■ **DATA SEGMENT**:

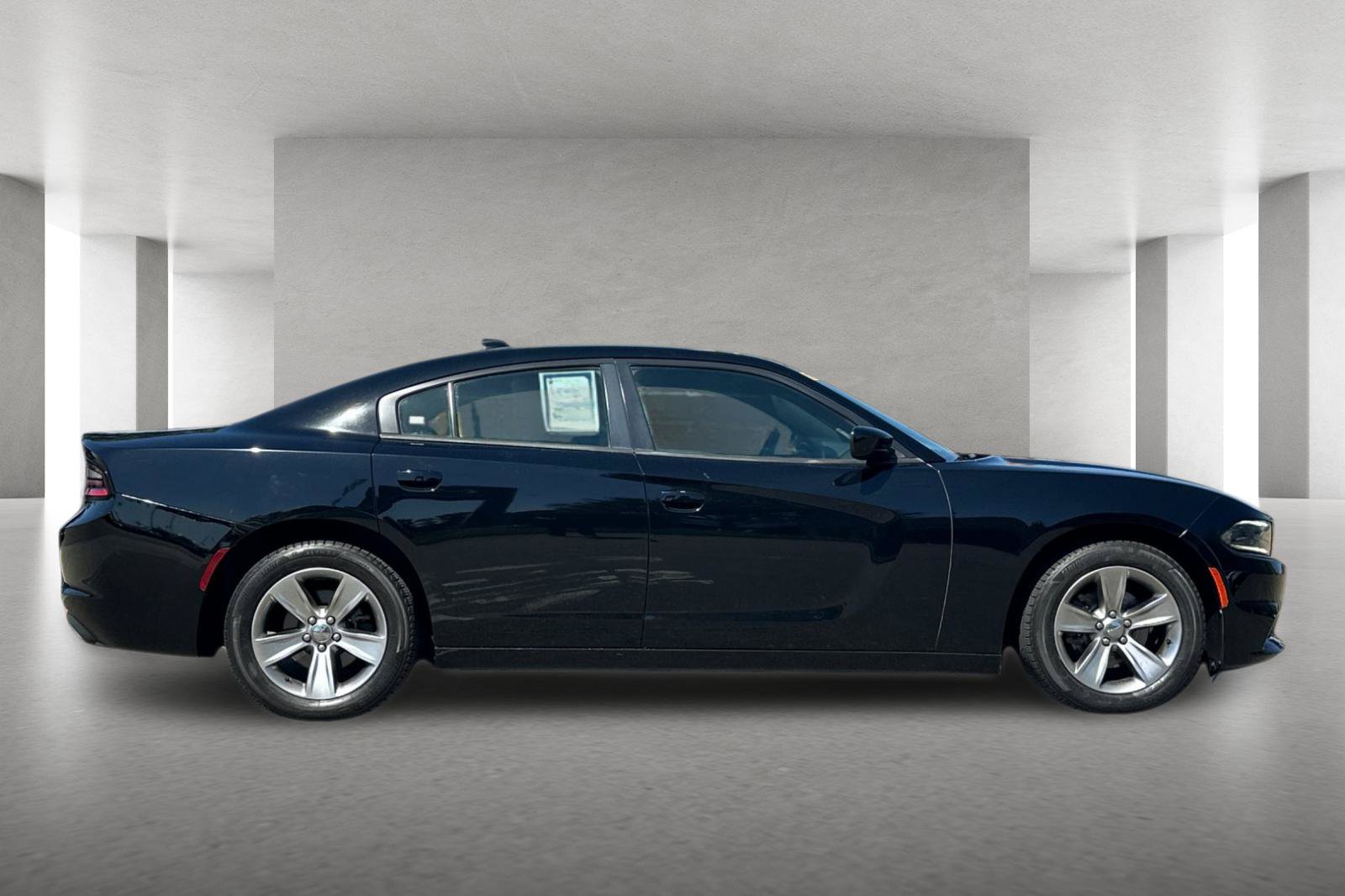 Used 2016 Dodge Charger SXT RWD image 3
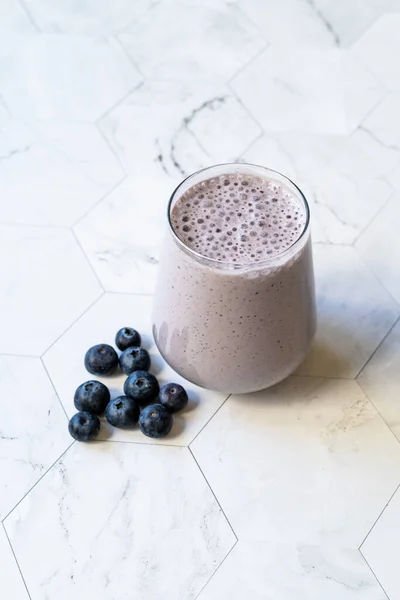 Homemade Smoothie Fresh Blueberries Marble Surface Ready Drink — Zdjęcie stockowe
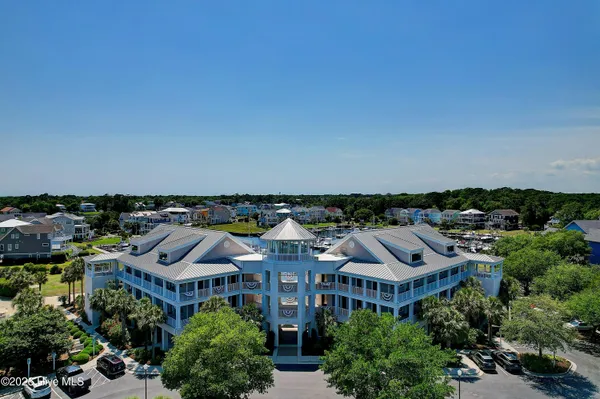 $3,200 | 2571 St James Drive Southeast, Unit 205, Southport, NC 28461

■ **AIM OF THE EXERCISE**:
Using the listing above, write out exactly the lines from the one that holds "Homemade Smoothie Fresh" through the last line, both included, and omit pictures.

■ **OUTPUT FOR THIS EXERCISE**:
 Homemade Smoothie Fresh Blueberries Marble Surface Ready Drink — Zdjęcie stockowe
 $3,200 | 2571 St James Drive Southeast, Unit 205, Southport, NC 28461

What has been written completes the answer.